Stored items from a collection:

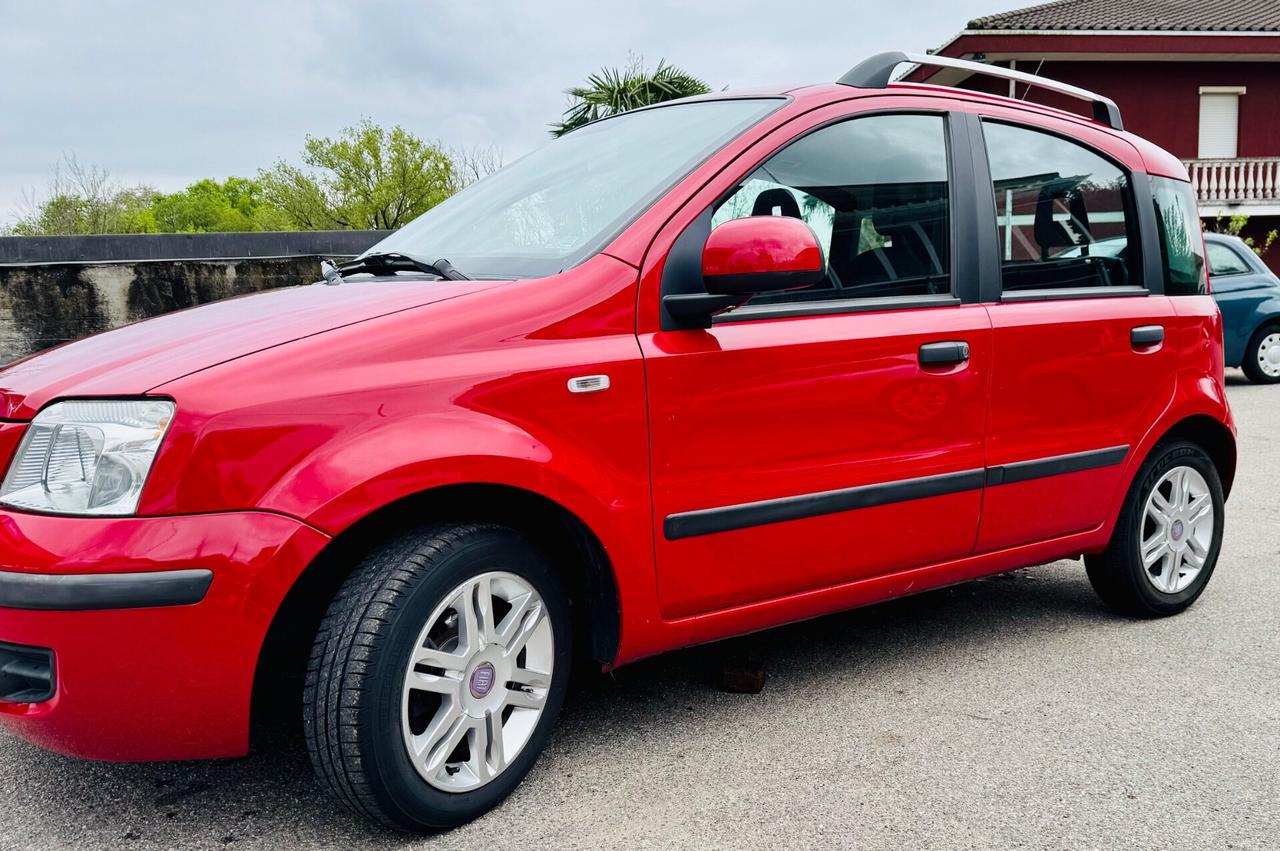 Fiat Panda 1.2 Emotion Dualogic AUTOMATICA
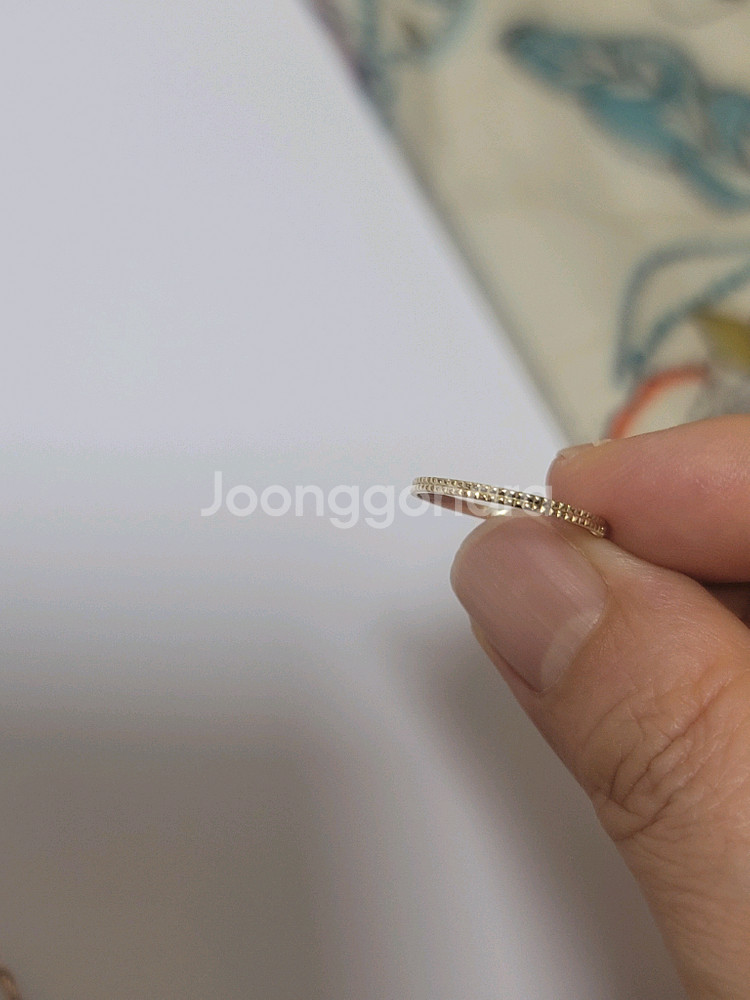 14k 반지--6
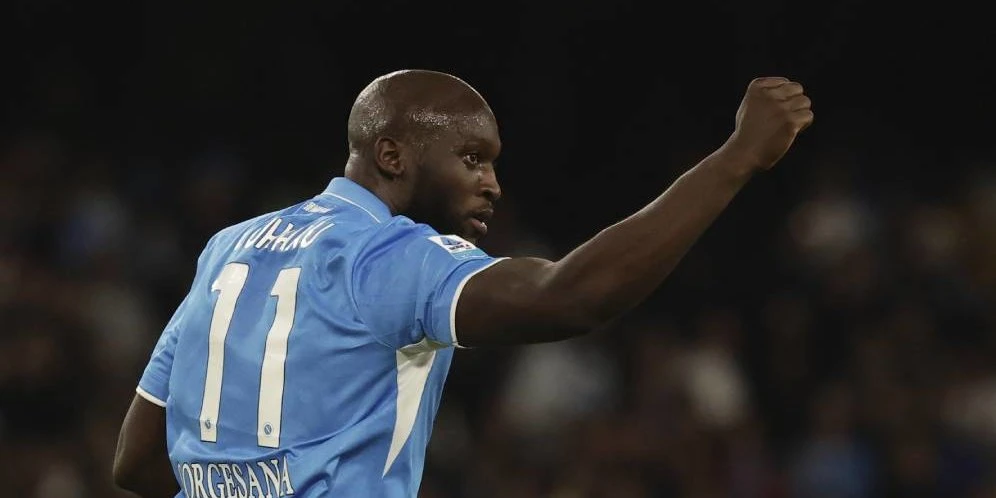Napoli Tak Perlu Risaukan Lukaku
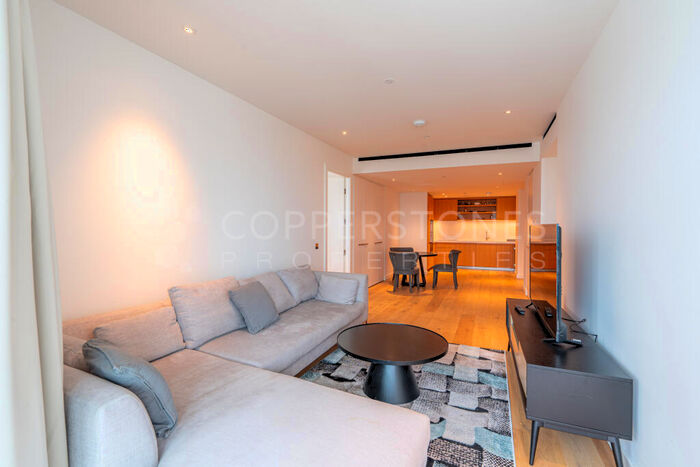 3 Bedroom Apartment To Rent In Pico House, Prospect Way, London, SW11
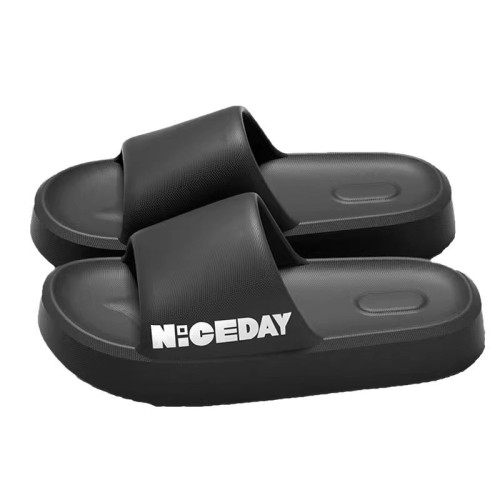 EVA防臭厚底拖鞋女夏季外穿2024新款室內家居洗澡防滑情侶涼拖男 EVA防臭厚底拖鞋女夏季外穿2024新款室內家居洗澡防滑情侶涼拖男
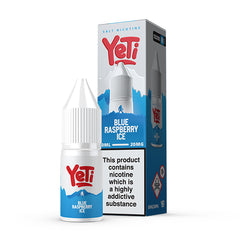 YETI SUMMIT SERIES SALTS BLUE RASPBERRY ICE (10)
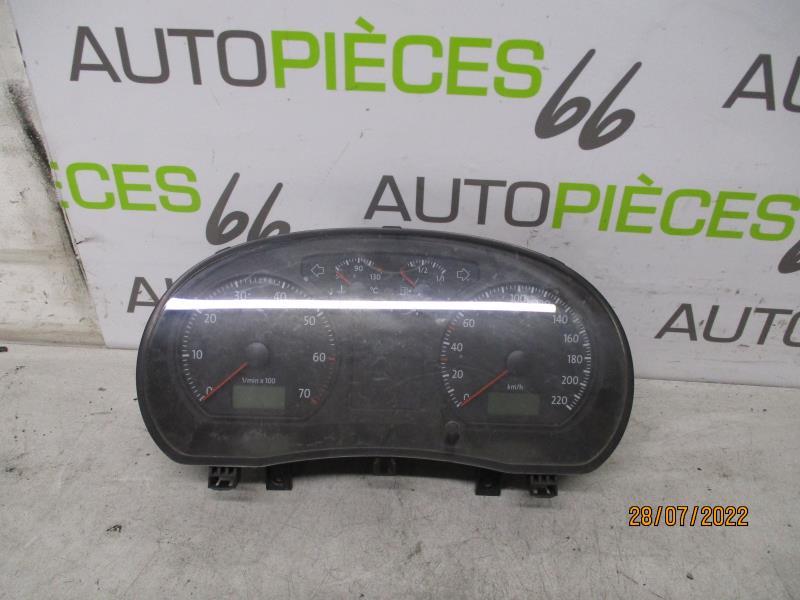 Compteur VOLKSWAGEN POLO 4 PHASE 2 Essence - 1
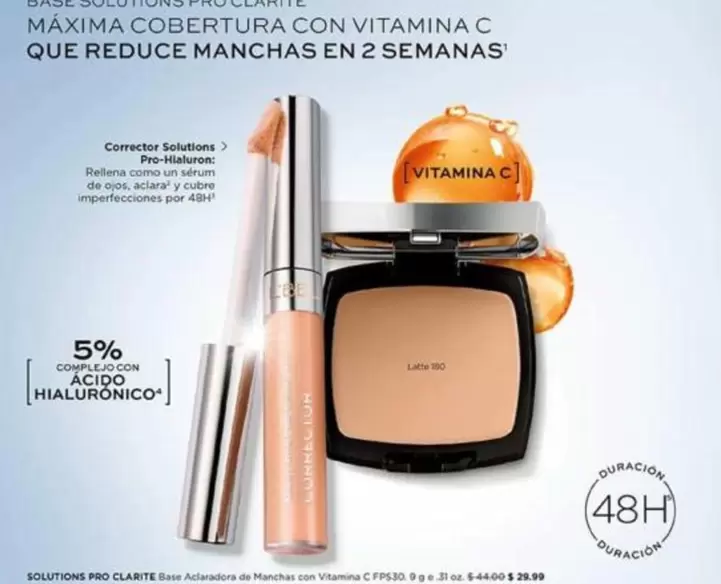 Pro - SOLUTIONS PRO CLARITE BASE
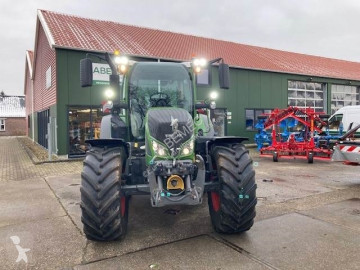 Tractor Fendt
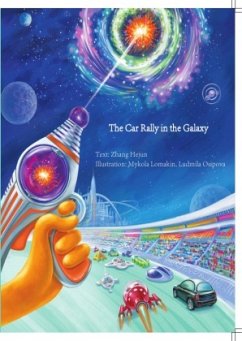 The Car Rally in the Galaxy - Zhang, Hejun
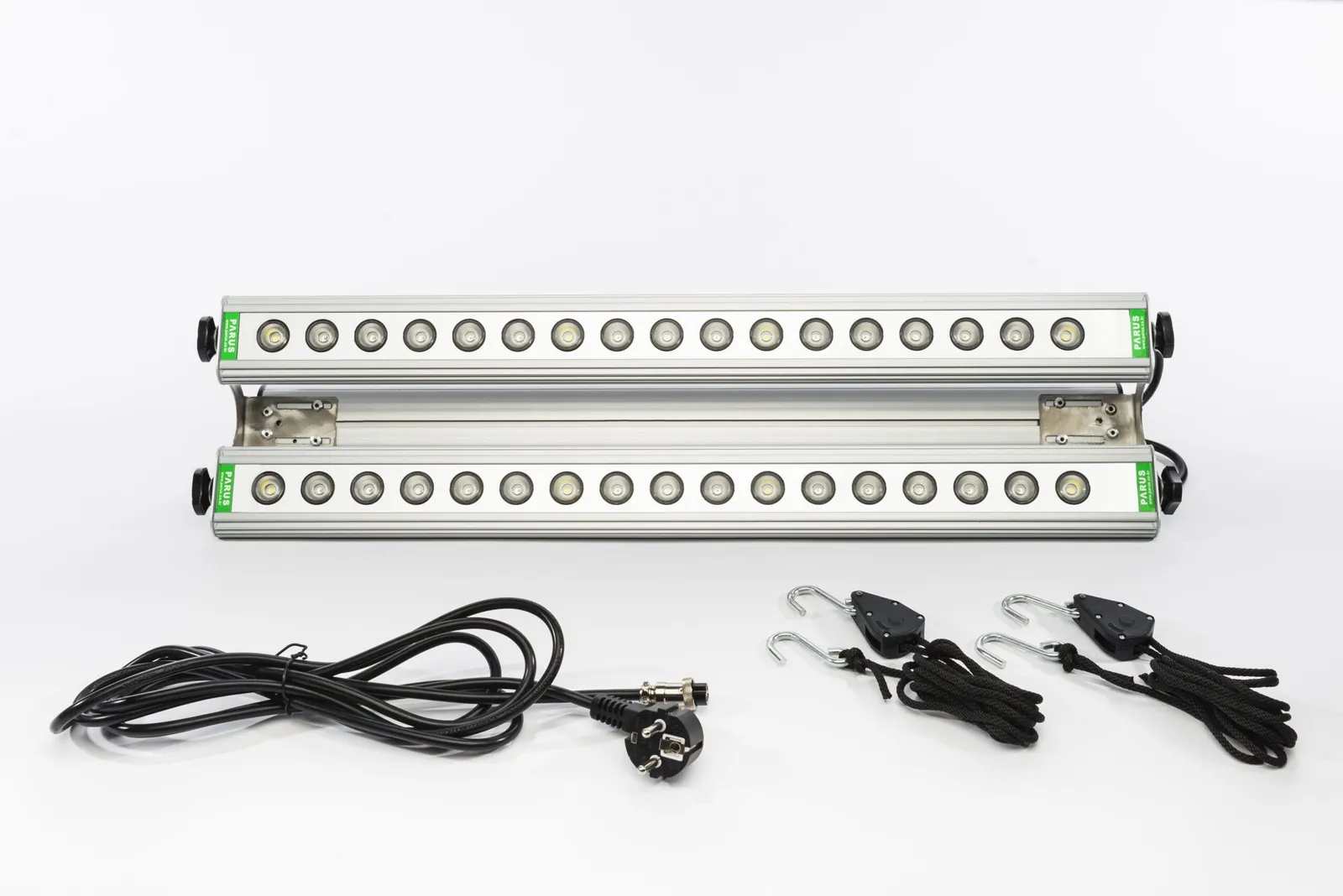 Växtarmatur Venso Growlight Quattro 2st rader 60W - miniatyr 3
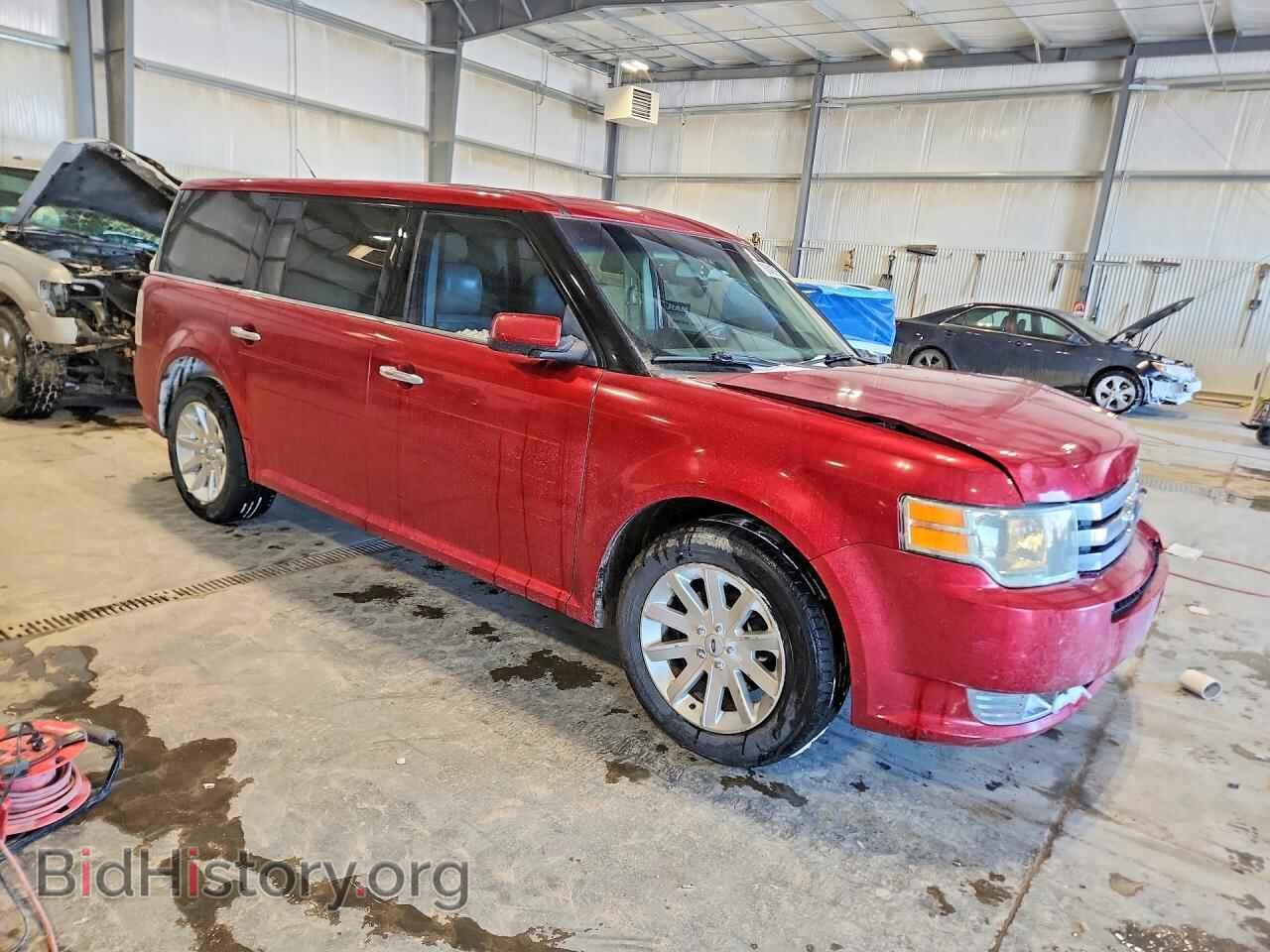 2010 FORD FLEX - VIN: 2FMHK6CC7ABD01625 - Фото 4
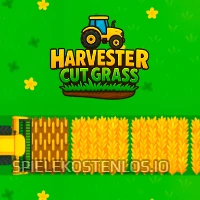spiele Harvester Cut Grass kostenlos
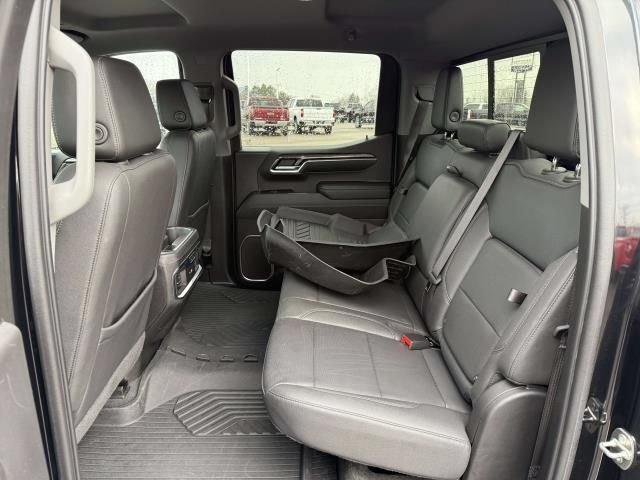 Used 2022 Chevrolet Silverado 1500 LTZ AWD/4WD image 13
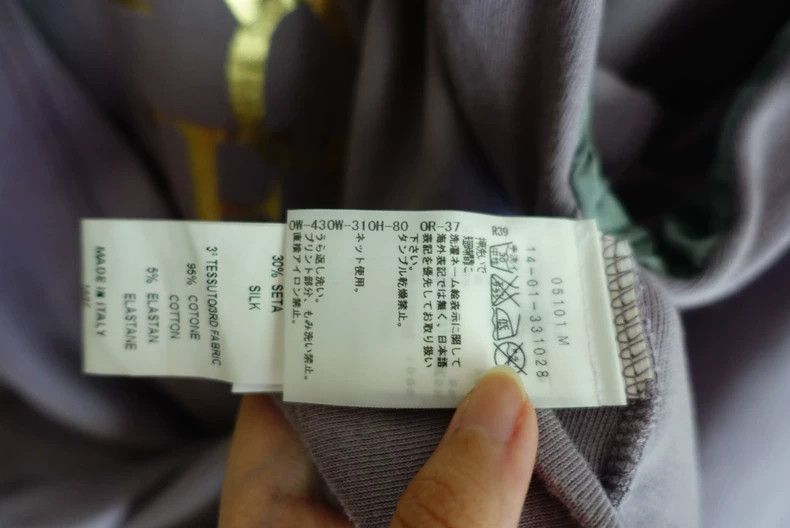 Vivienne Westwood Vivienne Westwood Bat sleeve witch hoodie jacket Size S / US 4 / IT 40 - 9 Thumbnail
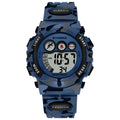 Kids Watch,Boys Watch for 3-15 Year Old Boys,Digital Sport Outdoor Multifunctional 50 M Waterproof Alarm Watch for Children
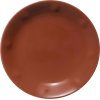 Iittala Solare Teller 18 cm, Terracotta
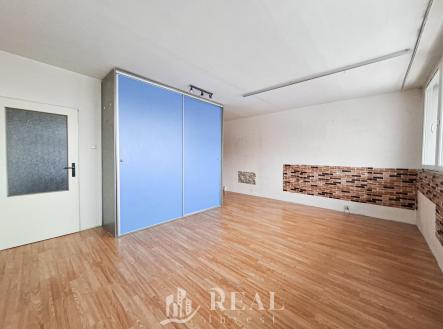 Místnost | Pronájem bytu, 1+kk, 24 m²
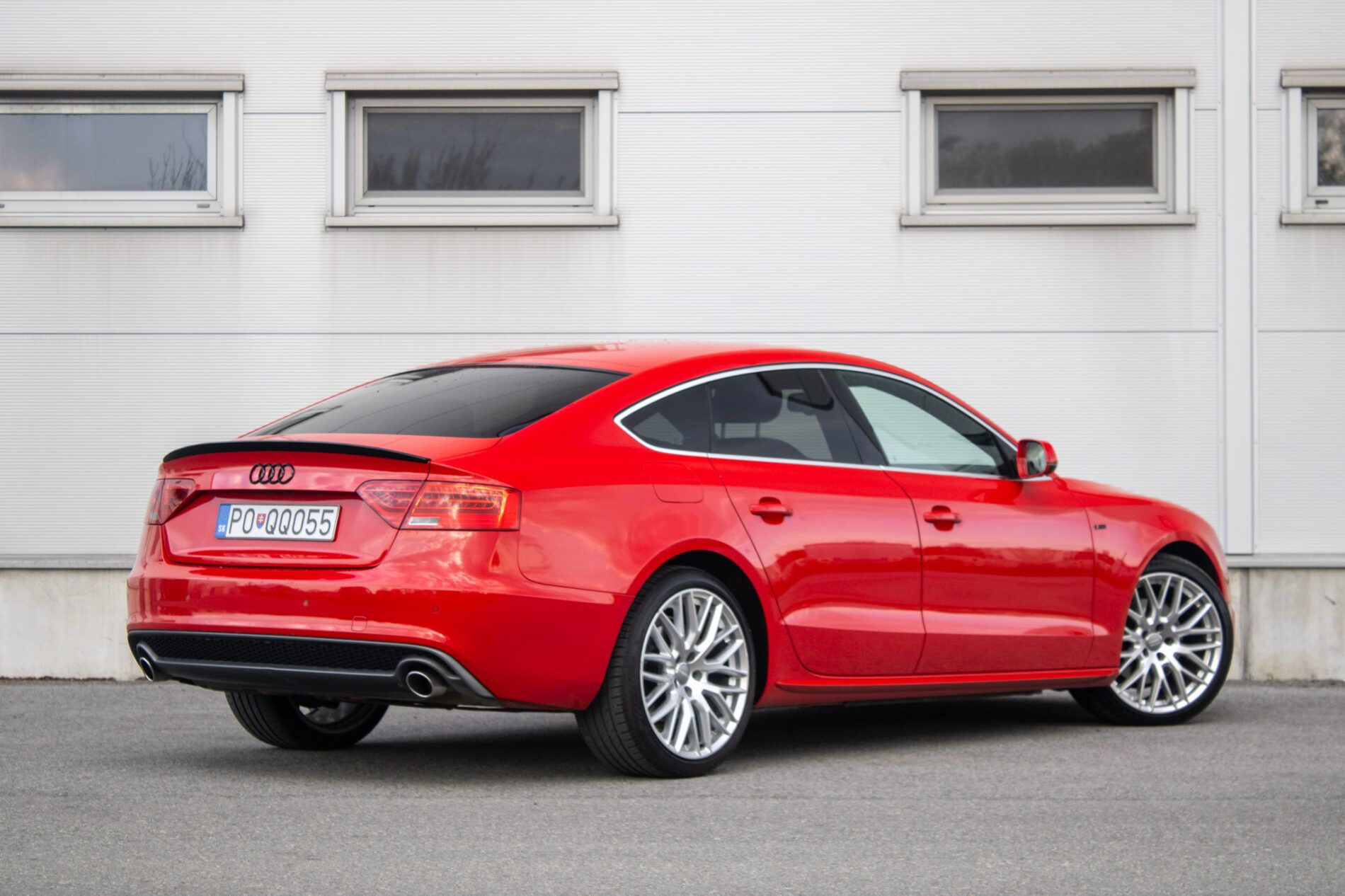 Audi A5 - fotka 5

Aim of the task:
Go from the first line of the data above to the line containing "2010 FORD FLEX" and retype exactly those lines, both included, but none of the pictures.

Solution to this problem:
 Fiat Panda 1.2 Emotion Dualogic AUTOMATICA
 14k 반지--6
Napoli Tak Perlu Risaukan Lukaku
 3 Bedroom Apartment To Rent In Pico House, Prospect Way, London, SW11
 EVA防臭厚底拖鞋女夏季外穿2024新款室內家居洗澡防滑情侶涼拖男 EVA防臭厚底拖鞋女夏季外穿2024新款室內家居洗澡防滑情侶涼拖男
 YETI SUMMIT SERIES SALTS BLUE RASPBERRY ICE (10)
 Compteur VOLKSWAGEN POLO 4 PHASE 2 Essence - 1
 Pro - SOLUTIONS PRO CLARITE BASE
 Tractor Fendt
 The Car Rally in the Galaxy - Zhang, Hejun
 Växtarmatur Venso Growlight Quattro 2st rader 60W - miniatyr 3
 2010 FORD FLEX - VIN: 2FMHK6CC7ABD01625 - Фото 4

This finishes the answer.